Norwich's mantra might be to remain positive but Hughton acknowledges some results are difficult to take. When Liverpool routed the club 5-0 two weeks ago, the normally mild-mannered coach admitted that he was angry at the result.
"We all know that it does affect them temporarily, none more so than the manager," he said. "The Saturday night and Sunday afternoon after a game being around the manager isn't a nice place to be. That's normal emotions.
"It's quite difficult to be honest and it doesn't get any easier the longer you stay in the game. These days, especially because of the amount of work that goes into each game, the amount of preparation that has to be done, I think you take it harder, I really do."
Although Norwich has been in poor form recently, the team has still outperformed preseason expectations entering February. Though the side finished 12th last season under Paul Lambert, most media projections had it finishing in the drop zone this season due to the team not adding any major signings.
Where Hughton has made a difference is in making shrewd low-cost signings like Sebastien Bassong from Tottenham and Michael Turner from Sunderland, stabilizing the team's back line.

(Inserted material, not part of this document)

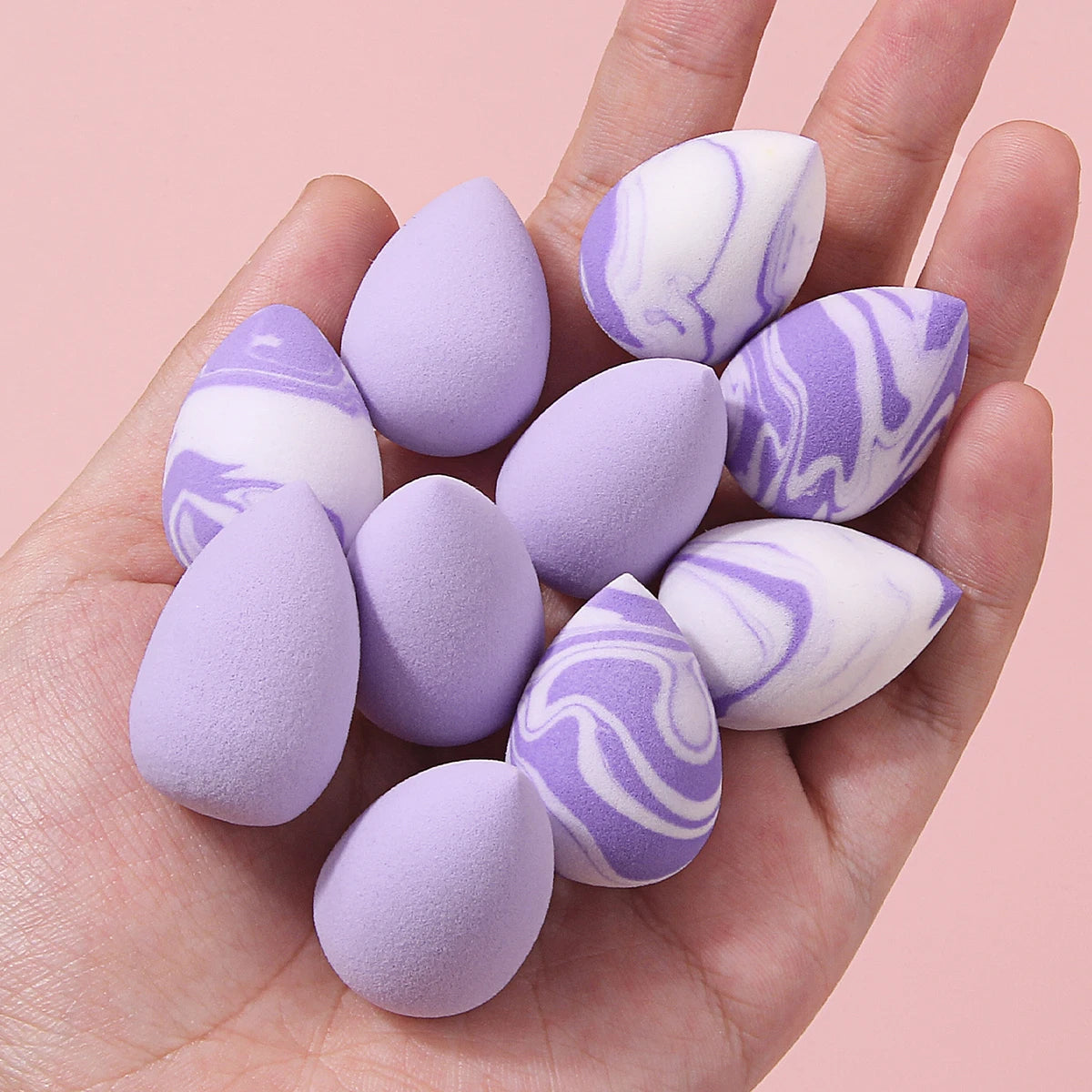 10-Pack Mini Purple Marble Makeup Sponges | KOSSHOW Puffs Makeup Sponge Puffs QXL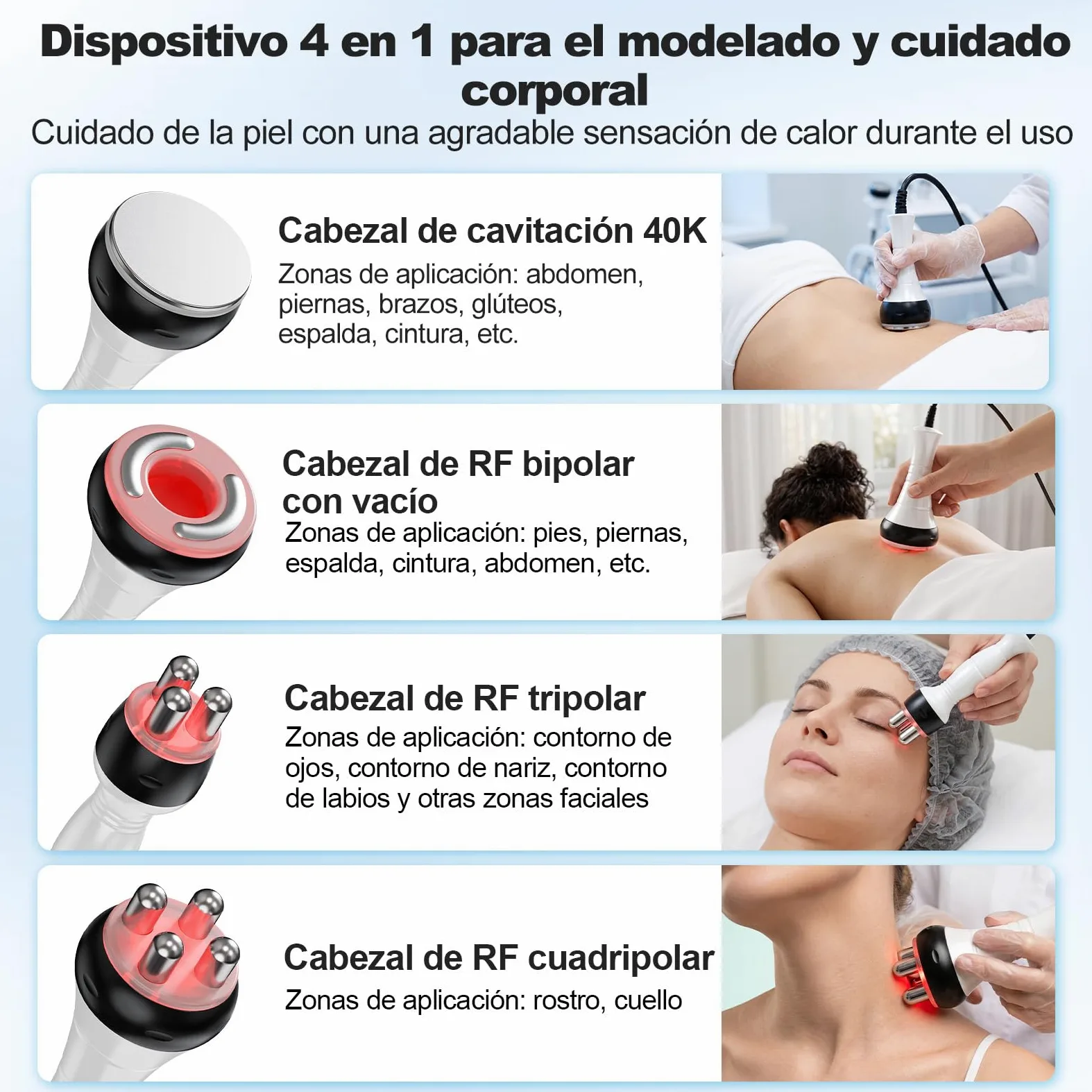 4 en 1 Cavitación 40K Radiofrecuencia Profesional Facial y Corporal | Tratamiento anticelulítico profesional, reafirma la piel y define la silueta, ideal para cuidado facial y corporal en casa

Those signings along with the team's consistent scrappy and hustling play has earned Hughton praise from some of the league's most respected managers, including Arsene Wenger, Brendan Rodgers and Andre Villas-Boas.
With current relegation-battlers QPR and Newcastle spending money to bring in reinforcements, Hughton's task hasn't been made easier. He acknowledges that the team needs help at striker and is looking at a list of potential targets that includes Sporting Kansas City's Kei Kamara, Celtic's Gary Hooper and Swansea's Danny Graham. While he hopes to finalize a deal for one, he isn't willing to overspend on a target and won't sign a player who isn't a good fit. So things could get more difficult in the coming months. But if there's one thing Hughton is willing to guarantee, it's that he'll remain diligent in making sure that Norwich will be a very difficult team to beat until the very end of the season.
While he never acknowledges it publicly, his success could open up doors for others like him.
"You are a leader to group of men and coaches, you are the one that has to set the example," Hughton said.